Yes, I ran with the great photos in your article and the tons I got from the movie and online.

I thought about the cranes and such, but getting them right would be nigh-on impossible so I think ones for ship models would be the way for people to go ... unless I got crazy and designed up a resin launch area for them to go with. (That's NOT on the short list  ).

It's tough to see in the photos, but all of the interior rings have raised surface detail. In this photo the raised detail is the shiny part. (If you look really closely at that photo you can see that I didn't cut quite to my penciled in lines - I was going for other parts of the fit.)


----------



## cozmo (Nov 29, 2004)

Now that's just some nice PE. Makes me want to know who did it. There is a kit that needs some PE parts that is beyond my ability to produce.


----------



## JGG1701 (Nov 9, 2004)

Awesomely cool Mr. Paulbo!
Love that wheelchair. :thumbsup:
-Jim


----------



## Paulbo (Sep 16, 2004)

cozmo said:


> Now that's just some nice PE. Makes me want to know who did it. There is a kit that needs some PE parts that is beyond my ability to produce.


Drop me a PM or email and I'll send you my custom etch price list.


----------



## Paulbo (Sep 16, 2004)

JGG1701 said:


> Awesomely cool Mr. Paulbo!
> Love that wheelchair. :thumbsup:
> -Jim


Thanks, Jim!


----------



## Buc (Jan 20, 1999)

Nicely done, Paul!!


----------



## Trekkriffic (Mar 20, 2007)

When I first saw the wheelchair I thought it was sitting on a quarter. Now I realize it's sitting on a dime! I'm even more impressed by the intricacy of the detail now! Just superb !


----------



## Paulbo (Sep 16, 2004)

The wheelchair has become the favorite thing I've designed. I walked into the work room this morning, looked over at the dime ... and freaked because it's so tiny. (Easy to fold up, though.)

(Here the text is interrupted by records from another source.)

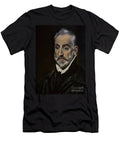 Antonio De Covarrubias Y Leyva 1514 1602 C1600 El Greco T-Shirt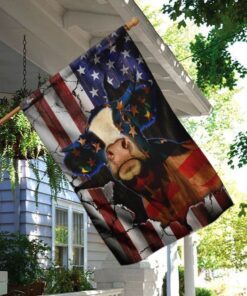 cattle american flag 4651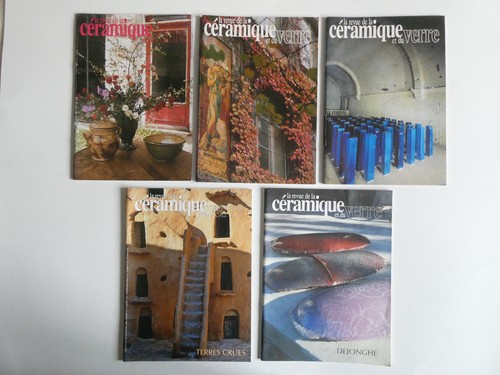 Revue ceramique du - de, &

I've got grains of rice that are bigger


----------



## Paulbo (Sep 16, 2004)

The Space Ark set is shipping! Wholesale orders have gone out to the usual subjects and should arrive by mid-week. I've also sent out PayPal invoices to everyone that's preordered.

There's low stock left in my inventory as the preordering was pretty intense ... but I had already begun a second production run which will be ready on/about October 25.

Cheers!


----------



## JGG1701 (Nov 9, 2004)

:woohoo:!!!
-Jim


----------



## Paulbo (Sep 16, 2004)

Your set's on the way, Jim


----------



## JGG1701 (Nov 9, 2004)

Can not thank you enough Paul!
You're the best!:thumbsup:
-Jim


----------



## JGG1701 (Nov 9, 2004)

Got the set today.
Gotta tell ya guys, it looks great!!!:thumbsup::thumbsup:
-Jim


----------